More and more people are looking for practicality in their lives. When it comes to exercising, that is where this factor is more decisive. Many even live in buildings with specific spaces for physical activities, however, they do not want to risk being disturbed.

O awesome.club prepared a list of 10 basic items to set up a mini-gym at home, five of them for beginners, and another five for advanced. Check out.

BEGINNERS

10 — Shin guards

It is one of the most versatile accessories to have at home. A lot of people think that it only serves to perform exercises for the legs and glutes, however, they can also be used for series of biceps, triceps and shoulders.
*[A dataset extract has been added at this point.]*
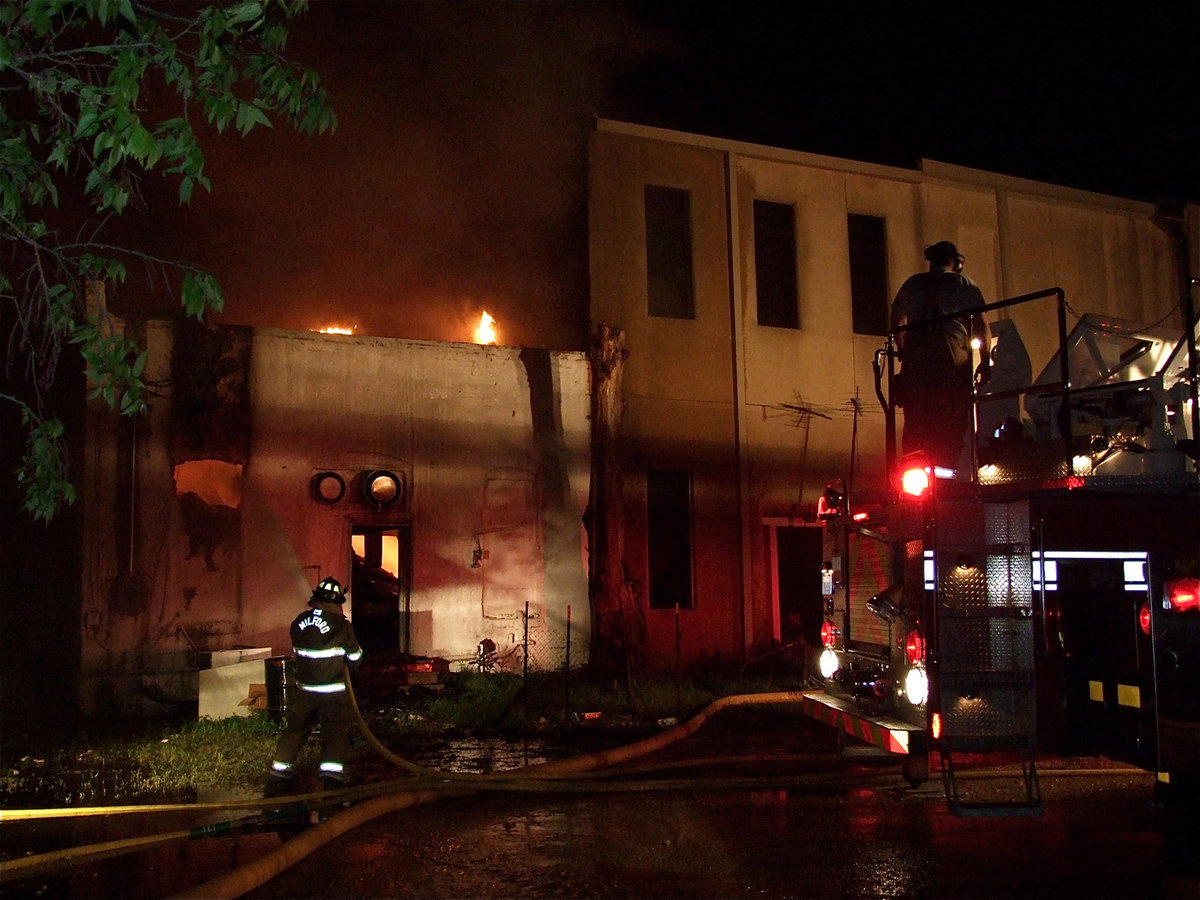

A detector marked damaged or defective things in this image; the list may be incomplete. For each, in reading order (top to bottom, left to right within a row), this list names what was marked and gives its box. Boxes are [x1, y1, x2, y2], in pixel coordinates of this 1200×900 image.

Exercise Tip: put on the shin guards, lie on the floor on your stomach and alternate lifting your legs until you reach 45º. Repeat the movement 10 times in a row, rest for 30 seconds and do two more series.

9 — Miniband

Low cost, this little elastic band is a real joker. It allows you to perform different movements for the whole body, such as biceps, chest, shoulders, triceps, abdomen, legs and glutes.

exercise tip

Standing, place the elastic band just above your knees. Squat down, force your legs out as much as you can and start walking lightly, avoiding closing your legs. Take 20 steps, rest 30 seconds and repeat the same series twice.

8 — Rope

Jumping rope is one of the best aerobic exercises, as it allows you to lose up to 400 calories in 20 minutes. The movement benefits the entire region of the buttocks, thighs, calves, and even upper limbs, such as the forearms and biceps.

Exercise Tip:

Standing up and with a straight spine, initially place the rope next to your body, bent. Start jumping without passing the rope through your feet. When you feel confident, open the rope and jump for three minutes straight. Rest 30 seconds and repeat again as many times as you can.
Suggestion: from the moment your physical conditioning improves, increase the time you jump rope and reduce the interval.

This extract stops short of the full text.